Biological sex as well as gender identity, whether one feels male or female, relate systematically to competitive behavior. Most peer competition occurs between individuals of the same sex who compete for the same goals. Cross-culturally, beginning in the first years of life, females utilize more polite speech and nonverbal communication, such as smiling and behaving modestly, which serve to diminish retaliatory responses from potential competitors. In contrast, males more frequently exhibit behavior that invites retaliation, such as physically provocative behavior and verbal attempts to dominate others through boasts, commands, threats, name-calling, and derisive jokes.

By middle childhood, males display more interference competition in which one individual must overtly prevent another individual from obtaining a desired outcome. In contrast, females find interference competition aversive and prefer to compete through more indirect or subtle means. Improving personal performance without reference to others; denigrating an absent competitor's reputation; or employing discreet nonverbal signals of competition, such as negative facial expressions, constitute female forms of competing. By middle childhood and increasingly in adolescence and adulthood, in their interests and leisure activities, males are more likely than females to engage in overt interference competition, frequently in the form of playing or observing competitive sports, often between unfamiliar players. In contrast, females derive more pleasure and relaxation from engaging in conversations with friends and relatives about comparisons of familiar individuals' levels of performance.
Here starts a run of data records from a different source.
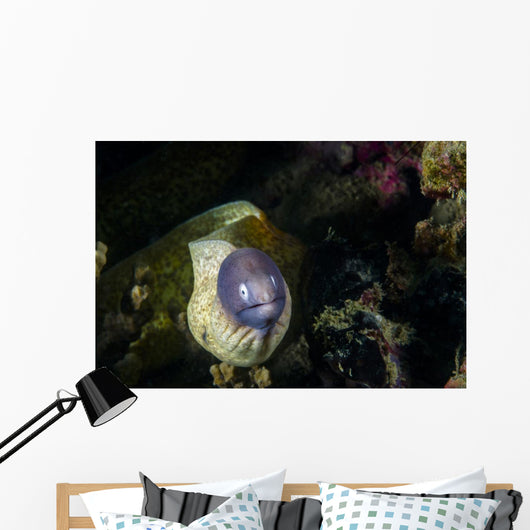 White-eyed Moray Eel Malaysia Front Face Wall Decal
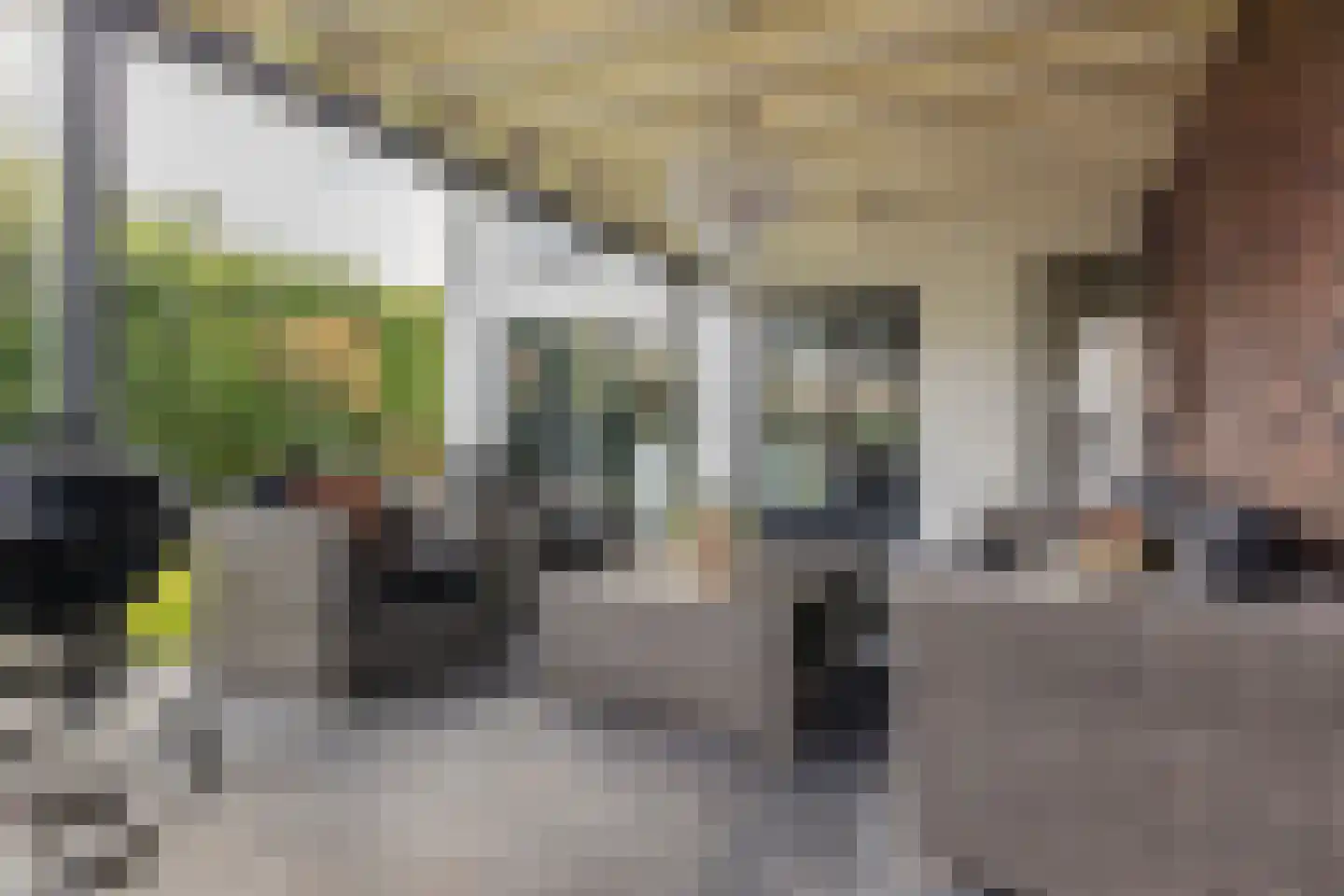 Dijkbeemd 14 Best thumbnail 41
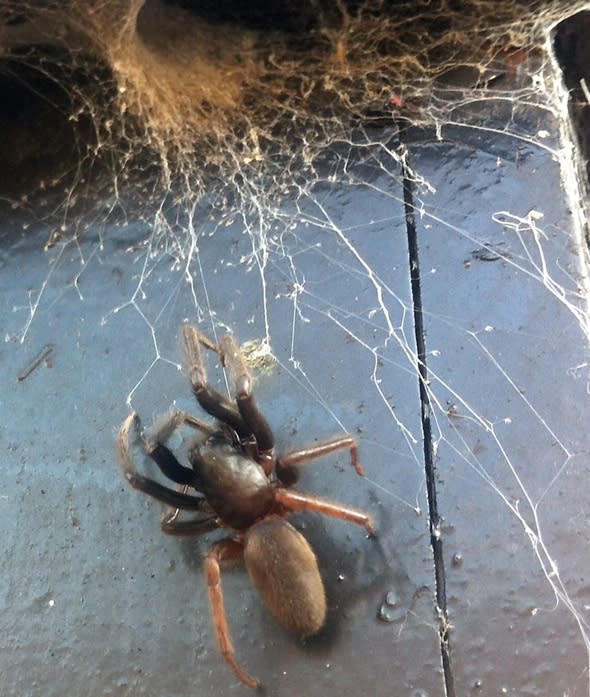 Huge tube web spider in Devon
Results fit squarely within an evolutionary framework in which female mammals, who bear greater responsibility than males for their offsprings' survival, must avoid physical harm and maintain loyal social contacts in order to enhance their reproductive success. Those females who engage in competitive behavior risk retaliation which could endanger nearby offspring as well as their own ability to produce future offspring. By contrast, males, who vary more than females in reproductive success, benefit more from direct competition for mating opportunities. A male who continually attempts to outperform his male peers will hold a reproductive advantage and sire more offspring.

Local cultural norms also exert a powerful influence on absolute levels of competitiveness. Although few differences exist in early childhood, by middle childhood, children from differing countries and from varying cultural backgrounds within the same country differ in degree and form of competitive behavior. These same differences apply to cooperative behavior, and willingness to compete and cooperate frequently correlate positively, not negatively. Although scarcity of resources increases competition, when resources are plentiful but easily monopolized, this also enhances competitiveness.